I tried to drink more, but it was too late. I went back to trying to pee and for the rest of the ride, the result was always the same, so painful I had to stop. I made the second lap and headed back out on the third, but I didn't push as hard with the wind at my back the way I had the first two times. I wanted to be strong coming in, get in the port-a-let with a bottle of water, and get the hell out on the run.
I kept up with the food and the gatorade or water and made it out to the turn on last time. On the way out a guy passed me (for no reason I could tell) on the right, even though there was one bike width between me and a bridge and a ton of room on my left. I gave him a piece of my mind, but I let him go instead of chasing him down. I felt a little worried about the peeing thing because I knew it meant my electrolytes were not right and I was dehydrated, but I had a decent third lap. The wind was stronger on that lap than the others, and the entire ride in to Tempe, even though it was my slowest lap, I was passing and dropping people. By the casino, people were going maybe 10 miles an hour. It was as bad a wind as anything I'd seen.

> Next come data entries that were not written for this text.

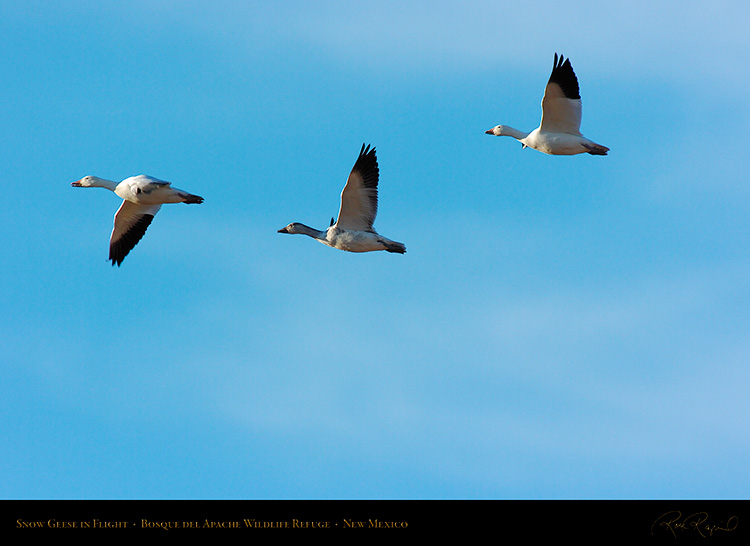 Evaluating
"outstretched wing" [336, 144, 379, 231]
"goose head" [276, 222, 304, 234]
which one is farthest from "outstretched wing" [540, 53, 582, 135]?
"goose head" [276, 222, 304, 234]

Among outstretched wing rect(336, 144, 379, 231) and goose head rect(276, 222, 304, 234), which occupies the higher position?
outstretched wing rect(336, 144, 379, 231)

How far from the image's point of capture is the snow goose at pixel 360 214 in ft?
61.3

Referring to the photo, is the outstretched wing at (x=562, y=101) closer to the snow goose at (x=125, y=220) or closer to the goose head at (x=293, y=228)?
the goose head at (x=293, y=228)

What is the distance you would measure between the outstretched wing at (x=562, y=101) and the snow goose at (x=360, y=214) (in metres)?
3.77

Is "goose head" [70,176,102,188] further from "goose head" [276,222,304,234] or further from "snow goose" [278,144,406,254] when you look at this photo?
"snow goose" [278,144,406,254] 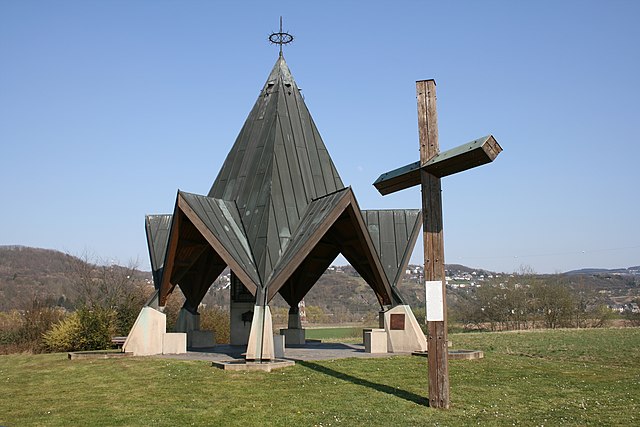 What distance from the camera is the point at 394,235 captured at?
21.9 metres

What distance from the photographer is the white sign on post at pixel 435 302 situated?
401 inches

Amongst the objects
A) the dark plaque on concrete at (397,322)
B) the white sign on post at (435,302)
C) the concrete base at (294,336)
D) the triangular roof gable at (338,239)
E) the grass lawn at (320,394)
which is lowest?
the grass lawn at (320,394)

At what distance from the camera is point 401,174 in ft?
36.2

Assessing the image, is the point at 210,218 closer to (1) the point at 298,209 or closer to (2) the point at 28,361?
(1) the point at 298,209

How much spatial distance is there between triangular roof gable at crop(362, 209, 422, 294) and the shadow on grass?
5890 mm

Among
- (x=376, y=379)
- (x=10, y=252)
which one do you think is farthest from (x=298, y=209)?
(x=10, y=252)

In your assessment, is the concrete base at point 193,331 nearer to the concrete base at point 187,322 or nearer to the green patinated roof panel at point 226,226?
the concrete base at point 187,322

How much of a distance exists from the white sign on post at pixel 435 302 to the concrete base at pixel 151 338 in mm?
10919

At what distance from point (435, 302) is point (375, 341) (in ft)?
29.5

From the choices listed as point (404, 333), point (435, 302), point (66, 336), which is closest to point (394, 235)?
point (404, 333)

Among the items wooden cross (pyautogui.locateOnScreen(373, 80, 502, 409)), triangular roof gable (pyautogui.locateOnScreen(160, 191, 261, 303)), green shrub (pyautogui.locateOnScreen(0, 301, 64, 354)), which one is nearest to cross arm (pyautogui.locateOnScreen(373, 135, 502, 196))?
wooden cross (pyautogui.locateOnScreen(373, 80, 502, 409))

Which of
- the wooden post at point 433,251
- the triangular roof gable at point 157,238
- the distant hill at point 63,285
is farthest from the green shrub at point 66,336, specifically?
the distant hill at point 63,285

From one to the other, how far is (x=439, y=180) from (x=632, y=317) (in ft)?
160

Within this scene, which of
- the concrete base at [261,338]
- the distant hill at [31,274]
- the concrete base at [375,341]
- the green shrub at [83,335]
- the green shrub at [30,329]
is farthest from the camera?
the distant hill at [31,274] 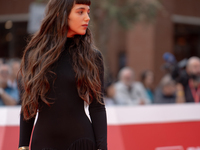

T2: I knew my bike was around 5:40 (all I had on my computer had been cadence, 85-100 for the ride), and that was not as good as I would have liked. Also, I was sunbaked. I got changed, got sunscreen, hit the port-o-let with a bottle of water, and poured that on myself as I peed. I was able to bear the pain, which was good as I had another two days of it to deal with. I was back on the road in about 4:30.
Run: Wow. My IM was torpedoed by my run. Would I have ever thought ? No, not really. But take a look at my face and tell me I wasn't feeling bad...
I had an OK first loop. By OK, I was running mid-eights, which is not the 7:56 average I wanted. As usual, the first five miles were too fast. I tried to go out on 8's, and was at 38:30 at 5 miles. So I backed off, a little too much, and finished the first loop running in the 8's. Soon after I finished the first loop, I started to feel- wrong. Byv wrong, i mean I just did not want to run anymore. I was going uphill into the wind- I wasn't sick, I wasn't so legsore I couldn't keep moving, I just felt wrong.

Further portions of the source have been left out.